I'd really like to find some true A or AA width shoes, but they don't seem to exist. I have not yet tried adding an extra insole. What kind of insole do you use?


----------



## philadopolis (May 19, 2010)

Blatant said:


> Yes. Specialized Rime. I have narrow, low volume feet as well.


Still hold true for the new Rimes that came out in 2019 (1.0/2.0)?


----------



## philadopolis (May 19, 2010)

JustMtnB44 said:


> I am currently alternating between 5.10 Kestrels and Mavic Crossmax XL shoes


Kestrel boa or lace?


----------



## Impetus (Aug 10, 2014)

philadopolis said:


> Still hold true for the new Rimes that came out in 2019 (1.0/2.0)?


I’ve been riding a pair of Rime 2.0s for almost 2 years now. Blatant nailed it (no shock). They fit fantastically.
I live in a corner of the US that absolutely EATS tires and shoes. The desert SW is brutal.
If I have one complaint about the Rimes, it’s that while the sole is as durable as a hiking boot, the edge of the sole where it joins to the uppers is about 50% black shoe goo. It’s SHREDDED from rocks scraping the sides of my feet. I’ve also had to replace one Boa dial, and 2 pairs of shoelaces.
That said- Id still buy them again. They’re WAY more durable than the trash Giros I had before the Rimes. 
when I go shoe shopping next year I think, it’ll be another pair of Rimes, or 5.10 Kestrels


----------



## Impetus (Aug 10, 2014)

philadopolis said:


> It's four years later. Were you happy with the Code VR70s?
> 
> I'm 11 A or AA. To make matters worse, one foot is a 1/2 size larger than the other! I bought my current pair of Specialized Torbal M089s on the advice that Specialized shoes "run narrow." Like with your Specialized shoes, the latches are stripped from me trying to tighten the shoes further. The soles are also falling apart.
> 
> I'd really like to find some true A or AA width shoes, but they don't seem to exist. I have not yet tried adding an extra insole. What kind of insole do you use?

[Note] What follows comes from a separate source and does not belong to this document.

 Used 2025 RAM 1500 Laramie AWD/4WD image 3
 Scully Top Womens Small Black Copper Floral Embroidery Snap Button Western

The Giros were OK, but made of tissue paper. They were in the trash in about 10 months. Ripped lugs off the sole, and tore a Velcro strap.


----------



## JustMtnB44 (Nov 8, 2004)

philadopolis said:


> Kestrel boa or lace?


BOA. But I only kept those shoes for one season. They fit really well, but the BOA was finicky and the ankle opening had some firm material that created a slightly annoying pressure point for me. The newest versions are all totally different now so hopefully they fixed those issues.

Right around when I posted this nearly 5 years ago I broke my left heel after smashing it into a rock while MTB'ing. Largely because of that I no longer use clipless shoes and only use flat pedals now. I have both the Ride Concepts Hellion Elite and 5.10 Impact Pro shoes which also both fit me pretty well.


----------



## SB Trails (Sep 14, 2012)

philadopolis said:


> It's four years later. Were you happy with the Code VR70s?
> 
> I'm 11 A or AA. To make matters worse, one foot is a 1/2 size larger than the other! I bought my current pair of Specialized Torbal M089s on the advice that Specialized shoes "run narrow." Like with your Specialized shoes, the latches are stripped from me trying to tighten the shoes further. The soles are also falling apart.
> 
> I'd really like to find some true A or AA width shoes, but they don't seem to exist. I have not yet tried adding an extra insole. What kind of insole do you use?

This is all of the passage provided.